Los niños pasaban y yo iba muy orgullosa con mi súper bicicleta a menos de 10 km/h, pero pasaba el tiempo, la moda llegaba y ahora yo quería una bicicleta cross, una más veloz, más bonita, más moderna. Tratando de hacer parecer la monareta a una cross quitándole todos los accesorios, y mentalmente creyendo que lo estaba logrando, me llené de valor para pedir formalmente una bicicleta nueva. Era el 4o cuarto de primaria, (no hace mucho pero calificaban con letras), yo debía sacar E (excelente) en todas mis notas para lograrlo, pero una B, me dañó mi esfuerzo y me resigné a no insistir, ahora usaba la bicicleta de mi vecina, no era mía, pero no importaba, esa era más rápida.
Las calles empinadas de un pueblo llamado Zapatoca en Santander, y las bicicletas de mis primas, me hicieron obtener todos los morados, raspaduras y cicatrices suficientes para volverme una aficionada a ese deporte. Como el viaje a ese pueblo bonito era una vez al año, los juegos de niña pasaron a un segundo plano y 15 años después por las calles de Villa del Prado aprendí a manejar un carro, era blanco, setentero, con vidrios mecánicos y de un amigo que sufría cada vez que yo lo manejaba.
Finalmente pasé por Chevrolets, Fords, Renaults y Volkswagen que me hacían sonreír, pero no me hacían tan feliz como mi meteoro... o mi Loli como le puso mi sobrina: mi primer carro!: negro, tranquilo, fugaz, con todo los accesorios que los patines y las bicicletas soñadas podrían tener.

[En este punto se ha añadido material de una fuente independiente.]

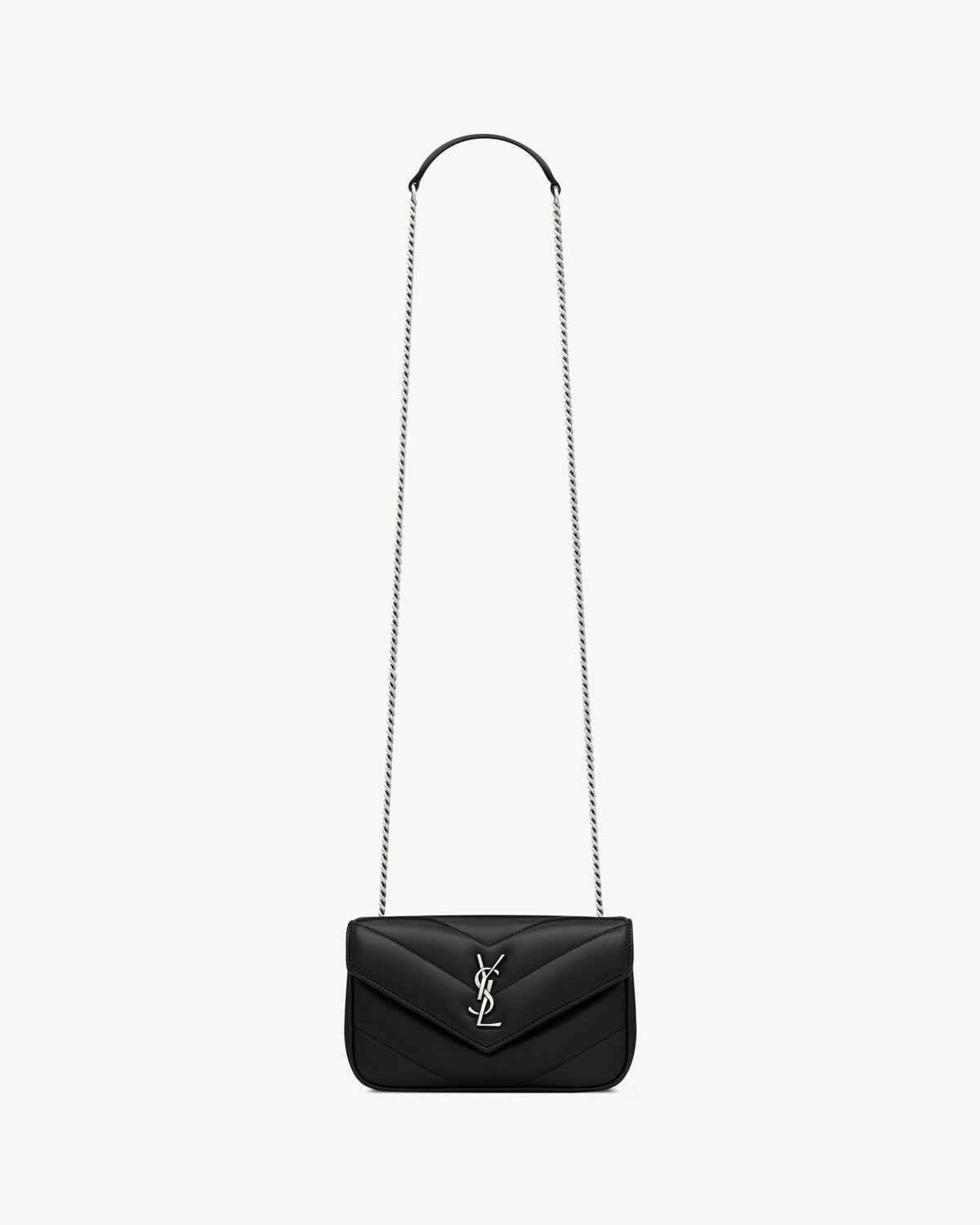 borsa loulou mini in pelle di agnello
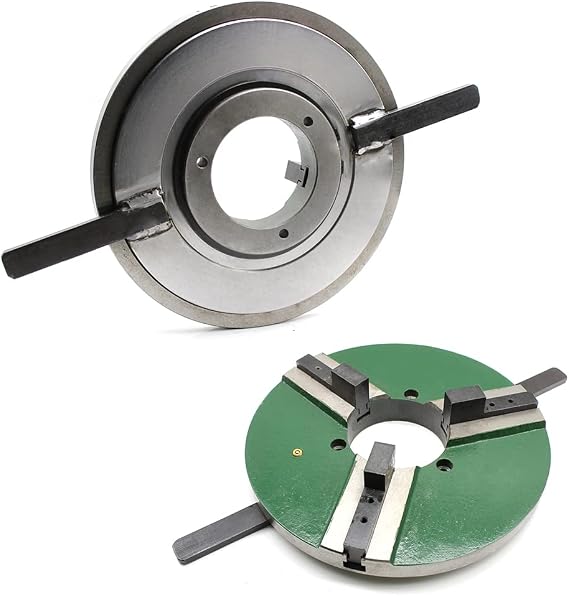 12 3-Jaw Chuck Tool, WP-200 Self-centering Welding Positioner Lathe Table Chuck 300mm Reversible Welding Table Chuck Welding Clamping Positioner for Diameter Welding Locator Reversible Table
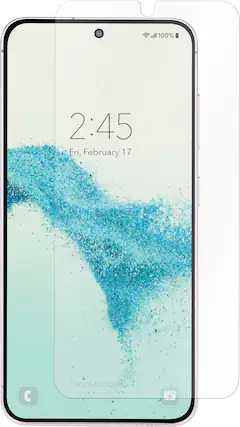 Angle. Insignia™ - Glass Screen Protector for Samsung Galaxy S23 and S22 (2-Pack) - Clear.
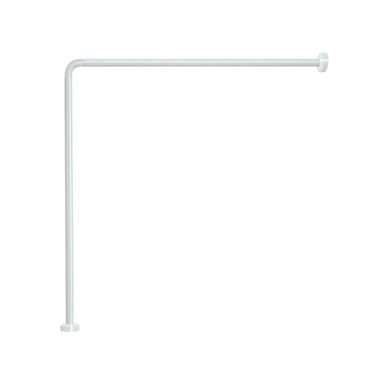 TELAIO ANGOLARE IN ALLUMINIO BIANCO 80X80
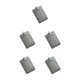 thumbnail image 1 of Sidaley 10x titulares de tarjetas de identificación carcasa protectora de moda funda de tarjetas de autobús multifuncional de gran capacidad Type2 NO2, 1 of 6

Una insistencia de mi media naranja repitiendo una y otra vez: "decídelo, cómpralo, es uno de tus sueños, qué esperas?!" me hace pensarlo. Es así como un día llegan mis ángeles guardianes, incluyéndolo a él y me ayudan a decidirlo. Me llenan de valor y de poder. Ese poder de manejar mi propio carro, experimentando momentos que todo conductor novato disfrutó: prenderlo, acelerarlo, sentir el viento del "soonruf", controlar el vértigo y disminuir la velocidad, marcar direccionales, salir a la autopista mientras llueve, usar el limpia brisas trasero, usar el aire acondicionado, bajar los vidrios eléctricos mientras sale el sol, subir el volumen y cantar a grito herido, recoger a quien amas, llevar a tu familia, ir a un centro comercial y recibir el tiquete de venta, parquear con cuidado y en reversa, recordar en qué sótano lo dejé, salir en primera por una subida que parece de 90 grados, ver el bombillo del tablero que indica que debes correr para encontrar una bomba de gasolina, abrir el baúl en vez de la tapa de la gasolina, lavarlo, policharlo, comprarle un ambientador, pegarle el sticker de la manzanita, grabar tus emisoras favoritas, hablar con el manos libres durante el trancón, manejar sin tacones, cargar miles de paquetes en la silla trasera, perder un arete entre las sillas, bajarse del carro y activar la alarma... bip, bip... en fin!
Tantos momentos, que es ahí donde termina uno de esos días... pueden ser como los de cualquiera que tiene un carro, pero mientras pasa el tiempo y yo llego a esos momentos rutinarios, para mí siguen siendo días felices teniendo la satisfacción de manejar un "juguete" que me ha ayudado a llegar a donde he querido. Uno que deja de ser un objeto, a ser un punto de responsabilidad y conciencia para cuidar mi vida y hacer lo que yo quiera cada vez que lo decido.